In the listing below, the lines starting with the line with "Noncorporate Business Ownership" and going on through the line with "ARTSEWPLY 3 Stück" are to be reproduced exactly, and only those.

▸ The input
· · ·

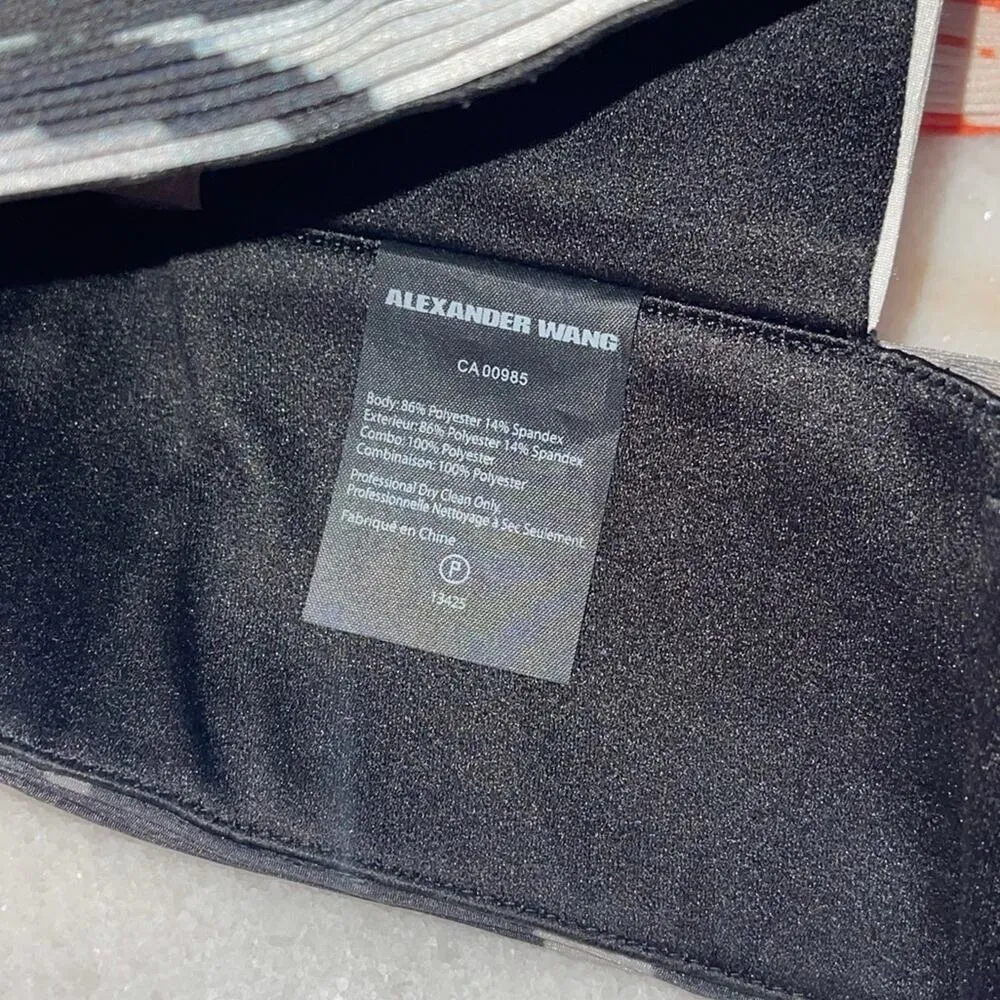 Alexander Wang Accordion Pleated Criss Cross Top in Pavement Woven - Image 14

· · ·

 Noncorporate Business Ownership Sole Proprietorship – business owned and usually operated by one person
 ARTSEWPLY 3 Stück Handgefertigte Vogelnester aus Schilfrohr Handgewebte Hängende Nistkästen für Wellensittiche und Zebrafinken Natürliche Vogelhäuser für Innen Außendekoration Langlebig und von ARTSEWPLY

· · ·

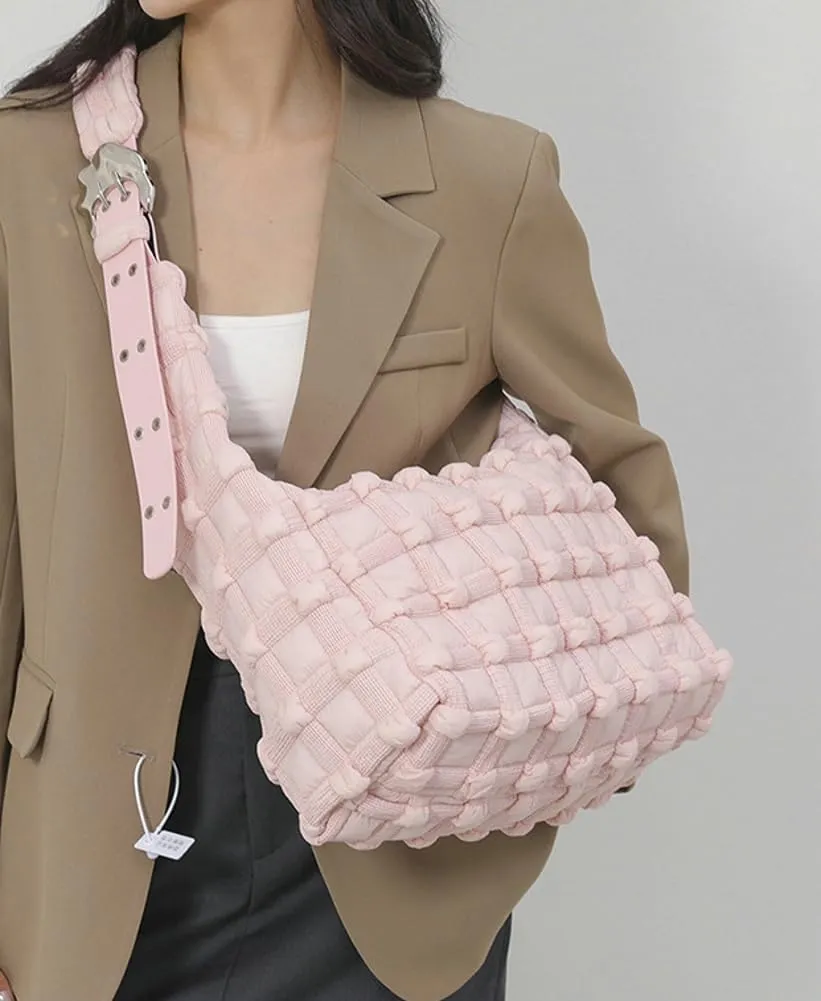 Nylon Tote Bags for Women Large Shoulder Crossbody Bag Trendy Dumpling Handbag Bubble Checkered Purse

· · ·

▸ Written response
 Noncorporate Business Ownership Sole Proprietorship – business owned and usually operated by one person
 ARTSEWPLY 3 Stück Handgefertigte Vogelnester aus Schilfrohr Handgewebte Hängende Nistkästen für Wellensittiche und Zebrafinken Natürliche Vogelhäuser für Innen Außendekoration Langlebig und von ARTSEWPLY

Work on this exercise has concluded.